METHODS: All patients who underwent TAVR in the PARTNER (Placement of AoRTic TraNscathetER Valve) trial, including the continued access registry (n = 2,553; 1,108 with CLD), were evaluated according to CLD clinical severity. Additionally, outcomes of CLD patients included in the randomization arms of the PARTNER trial were compared: Cohort A patients (high-risk operable) treated by either TAVR (n = 149) or surgical aortic valve replacement (SAVR); (n = 138); and Cohort B patients (inoperable) treated by either TAVR (n = 72) or standard therapy only (n = 95).

RESULTS: Among all TAVR-treated patients, at 1-year follow-up, patients with CLD had higher mortality than those without it (23.4% vs. 19.6%, p = 0.02). Baseline characteristics of CLD patients who underwent TAVR were similar to respective controls. In Cohort A, 2-year all-cause death rates were similar (TAVR 35.2% and SAVR 33.6%, p = 0.92), whereas in Cohort B, the death rate was lower after TAVR (52.0% vs. 69.6% after standard therapy only, p = 0.04). Independent predictors for mortality in CLD patients undergoing TAVR included poor mobility (6-min walk test <50 m; hazard ratio: 1.67, p = 0.0009) and oxygen-dependency (hazard ratio: 1.44, p = 0.02). Although CLD patients undergoing TAVR have worse outcomes than patients without CLD, TAVR is better in these patients than standard therapy and is similar to SAVR.

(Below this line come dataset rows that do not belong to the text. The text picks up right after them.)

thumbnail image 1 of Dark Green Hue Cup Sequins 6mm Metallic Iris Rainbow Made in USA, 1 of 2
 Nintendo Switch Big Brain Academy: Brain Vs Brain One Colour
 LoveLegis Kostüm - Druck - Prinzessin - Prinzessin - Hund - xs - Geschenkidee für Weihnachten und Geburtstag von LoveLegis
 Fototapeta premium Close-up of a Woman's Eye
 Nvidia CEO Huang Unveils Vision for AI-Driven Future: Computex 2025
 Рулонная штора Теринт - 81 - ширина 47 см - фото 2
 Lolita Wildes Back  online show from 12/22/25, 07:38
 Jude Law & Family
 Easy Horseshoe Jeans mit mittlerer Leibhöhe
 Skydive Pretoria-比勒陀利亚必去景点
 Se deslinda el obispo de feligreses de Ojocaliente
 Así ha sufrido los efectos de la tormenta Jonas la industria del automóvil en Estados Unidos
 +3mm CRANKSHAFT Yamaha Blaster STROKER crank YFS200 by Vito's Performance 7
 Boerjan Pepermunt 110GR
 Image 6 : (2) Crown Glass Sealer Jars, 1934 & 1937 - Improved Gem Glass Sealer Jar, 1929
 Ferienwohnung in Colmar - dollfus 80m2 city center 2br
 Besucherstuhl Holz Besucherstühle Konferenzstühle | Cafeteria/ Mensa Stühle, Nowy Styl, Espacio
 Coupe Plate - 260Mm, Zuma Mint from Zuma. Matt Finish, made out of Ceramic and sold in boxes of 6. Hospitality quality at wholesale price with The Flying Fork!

CONCLUSIONS: Although patients with CLD undergoing TAVR had worse outcomes than patients without CLD, TAVR performed better in these patients than standard therapy and was similar to SAVR. However, CLD patients who were either poorly mobile or oxygen-dependent had poor outcomes. (THE PARTNER TRIAL: Placement of AoRTic TraNscathetER Valve Trial; NCT00530894).